Ministry of Corporate Affairs Circulars – Are They Legally Enforceable?
October 2, 2019
The Ministry of Corporate Affairs (MCA) has been entrusted with the responsibility of administering the Companies Act, 2013 (Act). The MCA, from time to time, issues circulars and clarifications to clarify the provisions of the Act and the rules made thereunder (Rules). For example, in the first year of operation of the Act, the MCA issued 89 clarificatory circulars. In 2015 and 2016 the number was 22 and 21 respectively. In this article, we assess whether such circulars and clarifications are legally enforceable and how far companies may rely on them.
Here, it is pertinent to note that unlike Section 119(1) of the Income Tax Act, 1961, which empowers the Central Board of Direct Taxes to issue orders, instructions and circulars, there is no corresponding provision in the Act that empowers the MCA to issue such circulars and clarifications. Executive action reflects steps taken by the Government in its sovereign authority. Article 73 of the Indian Constitution states that, subject to the provisions of the Constitution, the executive power of the Union extends to matters on which the Parliament’s legislative power extends. However, this power cannot operate in matters of an ‘occupied field’ i.e., where prior legislation over the subject matter exists.
Therefore, unlike Press Notes issued by the Department of Industrial Policy and Promotion (DIPP) to regulate foreign direct investment (FDI), circulars issued by the MCA stand on a different footing, since the Parliament has enacted the Act and the MCA has framed the Rules making company law an occupied field. Hence the Government’s power to issue such circulates is circumscribed by the Act and the Rules. The logical question that arises then is whether the MCA is empowered to interpret the Act or the Rules by issuing such circulars and clarifications.
This question was answered by the Supreme Court (SC) in the case of Bhuwalka Steel Industries Ltd v. Bombay Iron and Steel Ltd.[1] wherein it categorically stated that,
“It is not the task of the government to interpret the law; that is the task of the courts and even if the government understood the law in a particular manner, that cannot be a true and correct interpretation unless it is so held by the court. […] these circulars are merely advisory in nature.”

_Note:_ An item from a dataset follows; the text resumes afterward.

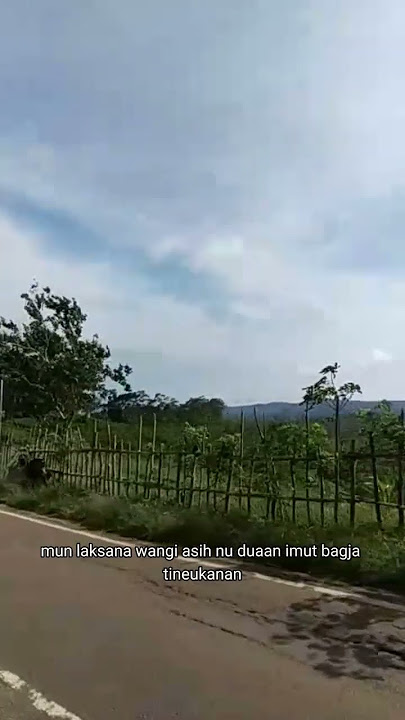 Emut Bae #shorts #storywa #story2023 #storywa30detik #viralshorts #viralvideo #tiktokviral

In this context, it would be appropriate to quote the former Secretary to the Government of India and Chairman, Company Law Board Mr. K.K. Ray, who had said in the preface to the Government publication ‘Circulars & Clarifications on Company Law’ that,
“A perusal of these [clarificatory circulars] […] will show that the Department has tried to take a broad and balanced view of the various issues in the light of the intention underlying the statute and the accepted administrative policies of the government […] It should, however, be noted that these clarifications, etc., only reflect the thinking of the Department at the time when they were issued and do not bind it to that line of thinking. The Department has always an open mind and will be perfectly willing to change its thinking on any particular aspect of the matter, if a better view is shown to be possible.
These clarifications should not, therefore, be cited as an authority of a binding character as is usually done in courts.” (emphasis added)
While these views were expressed by the former MCA Secretary in the context of the Companies Act, 1956, the same holds valid for 2013 Act also as there is no provision in the new Act for issue of such circulars.
At times, these circulars are withdrawn by the Government or are modified by subsequent circulars. Moreover, there have been instances wherein the views expressed in two circulars on the same subject have been found to be contradictory.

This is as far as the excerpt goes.